LOCAL HERO
Mount Ararat from Yerevan
Mount Ararat is, they say the place where Noah’s Ark came to rest after the flood. You can even see a piece of wood which, they say, is part of the ark in a museum in Yerevan. Yerevan is the capital of Armenia and Mount Ararat the national symbol. You can see the mountain from all over the city. But, after a genocide in 1915, the border shifted and now the mountain is in Turkey. This is a great sorrow to all Armenians.
Noah’s Ark setting out.
I was there recently, observing the election. The area I had to cover included eleven villages between Yerevan and the border. The villages are poor with houses built out of rough concrete blocks and, from time to time, in this impoverished community, you will see a pillared mansion with a high fence around it. The contrast between the few “haves” and the many “have-nots” could not be starker.
On our first day we had to visit all the polling stations to check that they were properly set up. Most of them were in schools. The schools were bleak, concrete buildings with crumbling steps, uneven floors and caretakers doing their best to keep them clean and functional.
Waiting to vote
In one village, the caretaker greeted us at the door. She was a solid, dark-haired woman, middle-aged and exuding an air of formidable competence. She showed us the polling station and then insisted that we view the classrooms. “Her” classrooms. As she was not the kind of woman to brook disobedience, we followed her into a classroom. It was, like the building, pretty bleak, with worn tables and chairs and an obvious lack of equipment. But, it was spotless, there was a vase of plastic flowers, some hand-painted pictures on the walls and lace curtains on the windows. We remarked on this.

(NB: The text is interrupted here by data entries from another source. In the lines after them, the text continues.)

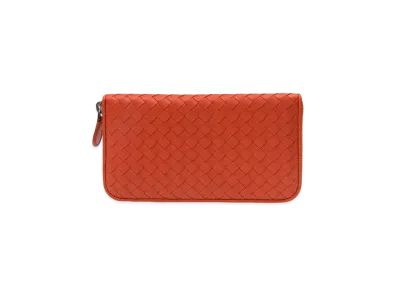Bottega Veneta Intrecciato Lambskin Zip Around Wallet "Tomato"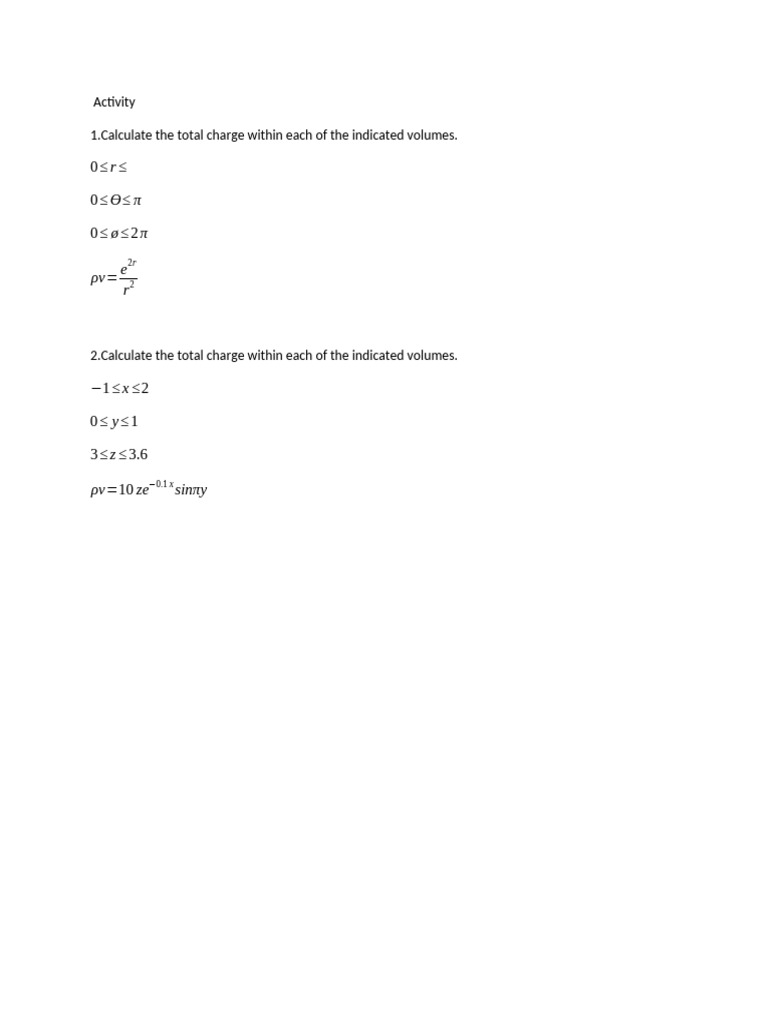 Total Charge Calculation in Specified Volumes | PDF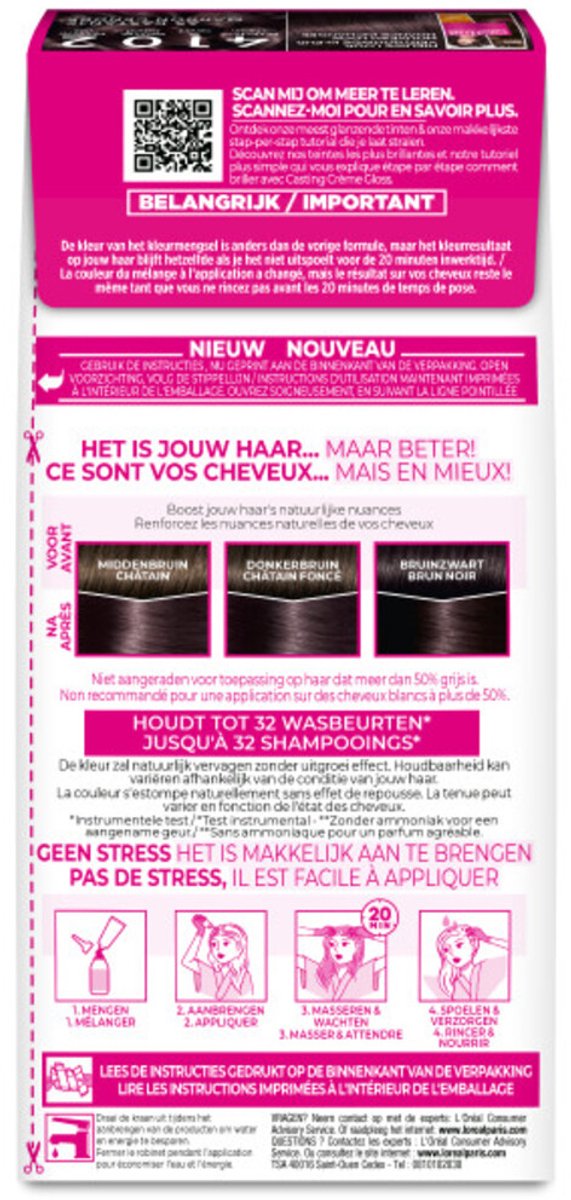 L'Oréal Casting Crème Gloss Semi-Permanente Haarkleuring 4102 Parelmoer Kastanjebruin - 2 x - Voordeelverpakking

“I like to make the classroom pretty,” the woman said, “because I believe that children learn better when the classroom is nice.”
Then she offered us coffee and brought us to a kitchen and a refectory.
“I am the best cook in the village, ” she announced, “Everyone in our village knows this is true, so I cook a good meal for the children every day. Because children cannot learn when they’re hungry and some of our pupils come from very poor families and they are hungry.”
Checking the register
As she was making the coffee she drew our attention to the pictures decorating the walls throughout the school. They had clearly been painted by an amateur artist and ranged from cartoon figures to vases of flowers and village scenes.
“My daughter-in-law is a very good artist,” our friend announced, “so I told her to make pictures for the school so that the children have something nice to look at.”
Got the ballot papers
As we drank our coffee, my partner asked what the exam success rate for the school was.
“Last year,” she announced, “Only two children in my school failed the State examination.”
“You must have very good teachers.” I suggested.
“Of course,” she replied, “I will never allow bad teachers in my school!”
Counting the vote
Next day when we returned to observe the voting in that polling station our friend was standing in at the school door, all dickied up in her Sunday best, surrounded by neighbours and friends. She greeted me like a long-lost friend, hugged me and kissed me on both cheeks. Her neighbours were astonished. How could this ordinary village woman know these exotic foreigners who’d come from afar to view the elections? Then she took me by the hand to meet the Chairman of the election committee.
It was only when I got home that it struck me that, this ordinary village woman was affecting the lives of every pupil who passed through that school and every teacher and thus, every one in that village. I just hope that they recognise what a treasure they have in their midst.